Reviewed-by: Francisco Jerez <currojerez@riseup.net>
Part-of: <https://gitlab.freedesktop.org/mesa/mesa/-/merge_requests/3278>
---
 src/intel/compiler/brw_eu.h               |   5 +-
 src/intel/compiler/brw_eu_defines.h       |   4 +-
 src/intel/compiler/brw_eu_emit.c          |  53 ++-----------
 src/intel/compiler/brw_fs_generator.cpp   |  20 ++---
 src/intel/compiler/brw_fs_nir.cpp         | 126 ++++++++++++++++++++----------
 src/intel/compiler/brw_vec4_generator.cpp |  12 +--
 src/intel/compiler/brw_vec4_nir.cpp       |   7 +-
 7 files changed, 118 insertions(+), 109 deletions(-)

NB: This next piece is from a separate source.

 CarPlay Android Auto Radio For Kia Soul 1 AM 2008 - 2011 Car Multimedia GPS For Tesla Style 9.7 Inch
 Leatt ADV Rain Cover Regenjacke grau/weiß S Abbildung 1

diff --git a/src/intel/compiler/brw_eu.h b/src/intel/compiler/brw_eu.h
index 96c22ab..7ae17db 100644
--- a/src/intel/compiler/brw_eu.h
+++ b/src/intel/compiler/brw_eu.h
@@ -1148,12 +1148,13 @@ brw_untyped_surface_write(struct brw_codegen *p,
                           unsigned num_channels,
                           bool header_present);
 
-unsigned
+void
 brw_memory_fence(struct brw_codegen *p,
                  struct brw_reg dst,
                  struct brw_reg src,
                  enum opcode send_op,
-                 bool stall,
+                 enum brw_message_target sfid,
+                 bool commit_enable,
                  unsigned bti);
 
 void
diff --git a/src/intel/compiler/brw_eu_defines.h b/src/intel/compiler/brw_eu_defines.h
index 146d3b3..742e12c 100644
--- a/src/intel/compiler/brw_eu_defines.h
+++ b/src/intel/compiler/brw_eu_defines.h
@@ -454,8 +454,8 @@ enum opcode {
     * Memory fence messages.
     *
     * Source 0: Must be register g0, used as header.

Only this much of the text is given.